The Dell 0D883F is a single socket board, though? At least that's what the Internet tells me... Is this system a Dell Precision T5500?
And, well, as I mentioned before: this Xeon should effectively be a repackaged i7-990X, maybe with some better silicon quality.
Xeons on this socket are a popular low cost part often used in bugdet used gaming rigs, as long as you've got access to cheap 1366 boards, and they can still deliver some decent performance, although it's first generation Intel Core so there is a lot to be desired. There are a
couple threads on this family of CPUs doing... well enough with VR games, although with some drawbacks. So I guess that as long as you don't play CPU intensive titles, you're fine.
As for upgrade paths... Well, with such a platform you'd normally overclock this CPU and maybe try using faster RAM with it, but this will bring you only small performance benefits, and probably is impossible on this motherboard anyway.
One thing I'd want to mention is that you're using an external USB SSD, but the motherboard has got USB 2.0 only; that means that while your SSD should be able to have read speeds of up to about 500MB/s, the USB 2.0 interface will effectively limit that speed to about one tenth of that.
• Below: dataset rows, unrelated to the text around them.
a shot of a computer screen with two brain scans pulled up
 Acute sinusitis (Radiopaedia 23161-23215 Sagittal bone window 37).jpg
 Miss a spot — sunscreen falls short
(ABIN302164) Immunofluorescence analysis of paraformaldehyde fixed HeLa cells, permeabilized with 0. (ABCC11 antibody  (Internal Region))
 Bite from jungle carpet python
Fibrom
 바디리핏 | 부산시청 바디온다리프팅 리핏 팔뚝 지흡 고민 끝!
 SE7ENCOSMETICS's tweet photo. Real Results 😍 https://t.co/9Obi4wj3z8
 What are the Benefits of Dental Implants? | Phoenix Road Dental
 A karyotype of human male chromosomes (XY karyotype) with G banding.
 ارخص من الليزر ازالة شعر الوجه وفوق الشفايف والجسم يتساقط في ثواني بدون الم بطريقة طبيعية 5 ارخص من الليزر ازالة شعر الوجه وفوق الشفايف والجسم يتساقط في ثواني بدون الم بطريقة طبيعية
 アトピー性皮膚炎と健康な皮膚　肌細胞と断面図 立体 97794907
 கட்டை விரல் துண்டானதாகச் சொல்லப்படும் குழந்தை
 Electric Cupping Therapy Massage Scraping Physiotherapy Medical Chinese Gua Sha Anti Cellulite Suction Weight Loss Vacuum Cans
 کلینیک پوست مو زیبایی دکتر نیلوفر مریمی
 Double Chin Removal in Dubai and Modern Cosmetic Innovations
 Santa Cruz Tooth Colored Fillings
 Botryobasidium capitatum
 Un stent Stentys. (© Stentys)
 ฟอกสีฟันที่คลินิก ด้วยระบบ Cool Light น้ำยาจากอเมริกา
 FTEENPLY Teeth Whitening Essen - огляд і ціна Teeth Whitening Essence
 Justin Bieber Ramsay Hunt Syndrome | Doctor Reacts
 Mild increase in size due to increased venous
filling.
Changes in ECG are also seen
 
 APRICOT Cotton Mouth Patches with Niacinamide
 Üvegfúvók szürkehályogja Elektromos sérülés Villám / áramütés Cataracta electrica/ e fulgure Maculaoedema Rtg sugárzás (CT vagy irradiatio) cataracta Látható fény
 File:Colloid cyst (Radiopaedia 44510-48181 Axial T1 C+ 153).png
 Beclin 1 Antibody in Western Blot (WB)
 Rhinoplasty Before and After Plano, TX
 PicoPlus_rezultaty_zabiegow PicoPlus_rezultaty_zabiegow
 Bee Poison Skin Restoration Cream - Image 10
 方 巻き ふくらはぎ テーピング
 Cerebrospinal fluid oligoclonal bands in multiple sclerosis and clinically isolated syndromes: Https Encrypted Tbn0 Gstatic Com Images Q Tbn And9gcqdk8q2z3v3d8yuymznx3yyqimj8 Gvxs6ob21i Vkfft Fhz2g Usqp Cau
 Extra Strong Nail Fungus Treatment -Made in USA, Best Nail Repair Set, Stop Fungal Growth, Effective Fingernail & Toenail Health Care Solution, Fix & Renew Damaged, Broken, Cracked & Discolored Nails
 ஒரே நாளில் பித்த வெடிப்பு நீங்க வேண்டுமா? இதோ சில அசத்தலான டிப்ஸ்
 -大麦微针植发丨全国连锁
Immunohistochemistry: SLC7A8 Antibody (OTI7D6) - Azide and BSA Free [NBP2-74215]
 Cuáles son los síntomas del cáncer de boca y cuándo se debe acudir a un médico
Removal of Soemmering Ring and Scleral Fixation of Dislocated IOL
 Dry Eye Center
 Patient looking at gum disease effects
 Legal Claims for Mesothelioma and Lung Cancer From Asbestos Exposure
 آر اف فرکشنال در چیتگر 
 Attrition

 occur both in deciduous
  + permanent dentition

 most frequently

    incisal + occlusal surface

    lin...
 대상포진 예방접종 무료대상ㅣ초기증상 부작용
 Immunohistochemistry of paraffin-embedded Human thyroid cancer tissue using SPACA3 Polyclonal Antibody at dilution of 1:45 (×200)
The solution would be to use some USB 3.0 PCIe expansion card, although it'd probably be cumbersome to access. Eventually you could try seeing if you can pull the drive out of the USB case and connect it directly to your motherboard via SATA interface. This won't improve performance but will speed up data transfers and possibly reduce loading times.
Generally, if you're looking for some considerable performance improvement, there's no way around replacing the platform (motherboard, CPU, RAM) for something more modern. And if this is a Dell Precision T5500, that means building an entire new computer. Except the graphics card, storage and any accesories you might be using.